Pada awalnya sejumlah mahasiswa juga melakukan protes ketika berada di pelabuhan Nabire ketika dihadang aparat keamanan ketika hendak siap naik KM.Gunung Dempo yang sandar di Dermaga Pelabuhan Nabire pada,Kamis [12/08/2021] siang itu,  Selanjutnya belasan mahasiswa  itu kembali melakukan aksi protes mereka di depan Rumah Kediaman PJ Bupati Nabire sore kemarin.

Dalam kesempatan itu, Aspirasi langsung ditanggapi oleh Asisten I Sekda Kabupaten Nabire,La Halim mengatakan bahwa Kabupaten Nabire sudah berlakukan PPKM  sejak 01 agustus 2021 maupun di seluruh Provinsi Papua.

” Kapal yang dari luar dengan penumpang tidak bisa masuk ke Papua dari dalam Papua tidak bisa keluar juga dengan penumpang. Kecuali barang logistik bisa.” ucapnya.

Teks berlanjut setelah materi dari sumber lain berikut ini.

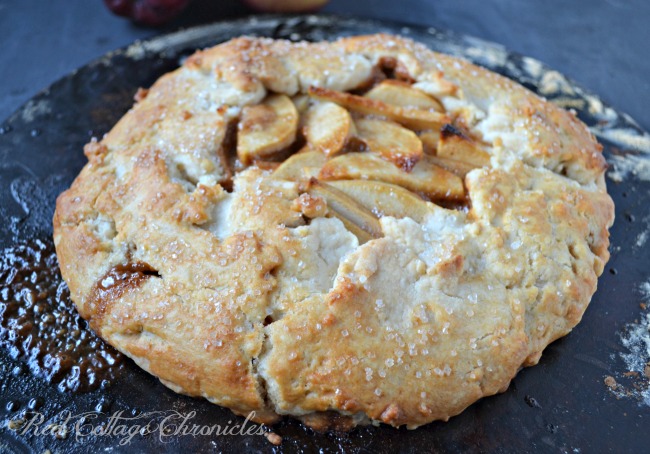 rustic caramel apple tart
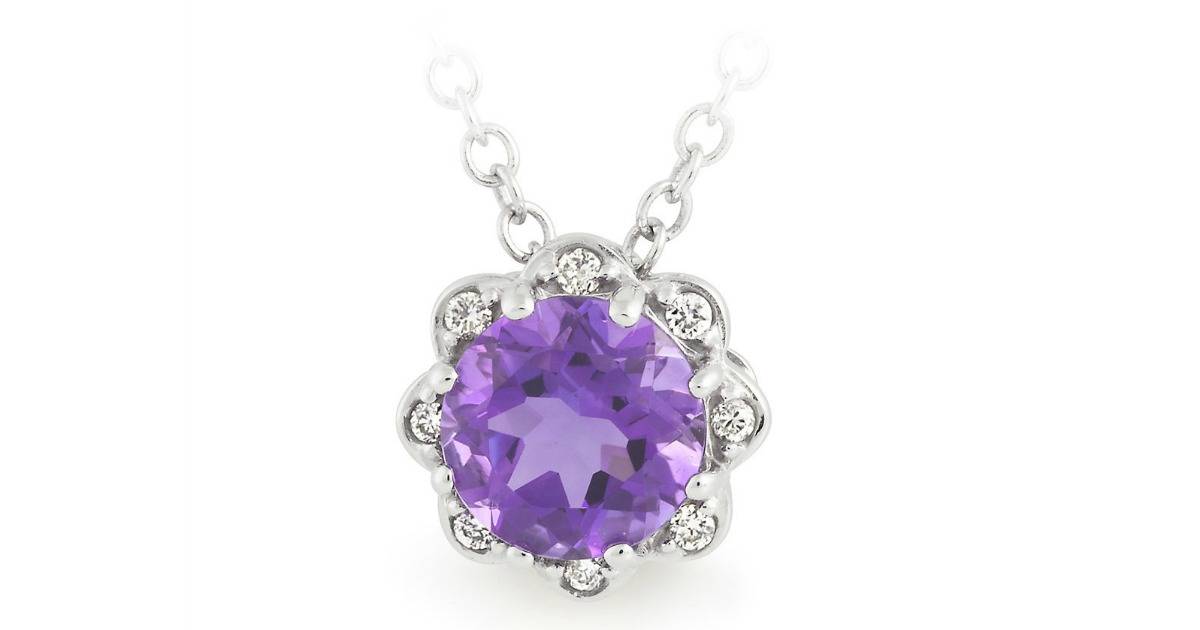 Amethyst and diamond pendant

Lanjutnya,  PPKM masih berlaku sehingga transportasi laut ditutup sementara. Selaku Pemerintah juga menyampaikan penumpang dari Nabire juga tidak mungkin bisa masuk di pelabuhan Jayapura.

” Nanti di pelabuhan Jayapura tidak diijinkan masuk sebab seluruh wilayah Papua sama, kami berlakukan PPKM. “katanya ketika ditemui awak medai, Kamis [ 12/08/2021] sore kemarin.

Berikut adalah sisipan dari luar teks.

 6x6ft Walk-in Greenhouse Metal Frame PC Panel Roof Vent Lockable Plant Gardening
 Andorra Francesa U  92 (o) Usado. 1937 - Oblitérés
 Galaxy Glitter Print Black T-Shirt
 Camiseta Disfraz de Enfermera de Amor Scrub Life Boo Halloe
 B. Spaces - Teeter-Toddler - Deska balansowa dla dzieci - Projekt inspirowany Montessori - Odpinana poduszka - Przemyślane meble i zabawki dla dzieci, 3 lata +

Sementara itu, Fransiskus Yobee hadir sebagai Kordinator Lapangan aksi protes itu mengemukakan terkait PPKM bukan alasan tepat. Dirinya menilai keliru karena akses pelabuhan ditutup sedangkan akses penerbangan dibuka maka yang seharusnya semua ditutup.

” Beberapa mahasiswa akan wisuda pada tanggal  27 agustus 2021 nanti dan beberapa mahasiswa dalam, bulan, agustus PKL dan KKN. Selain itu pula ada yang belum lengkapi keperluan kampus.”bebernya.

Mewakili mahasiswa Meepago, Yobee meminta kepada pihak terkiat dalam hal ini Pemda Nabire agar segera memfasilitasi transportasi laut atau udara sebab banyak keluhan  dari mahasiswa.

” Segera Fasilitasi bagi mahasiswa melalui kapal atau penerbangan,  dalam waktu yang dekat di bulan agustus ini juga banyak mahasiswa baru,  juga yang akan berangkat dan melanjutkan kuliah kota studi  Jayapura. Demi sumber daya manusia (SDM) Meepago. Pemda Nabire segera memfasilitasi mahasiswa studi Jayapura ” pungkasnya.

Belasan anak muda ini mengakui sebagai mahasiswa asal Meepago, setelah berlibur ke kampung halaman dari Kabupaten Dogiyai, Deiyai, IntanJaya dan Paniai saat ini ingin hendak kembali ke Jayapura untuk melanjutkan kuliah, wisuda maupun keperluan kampus lainnya.

Aksi berjalan aman dan lancar dan tetap dikawal aparat keamanan Polres Nabire. Sejumlah mahasiswa ini mengakui akan melakukan aksinya kembali besok demi menuntut kejelasan dan solusi dari Pemda Nabire.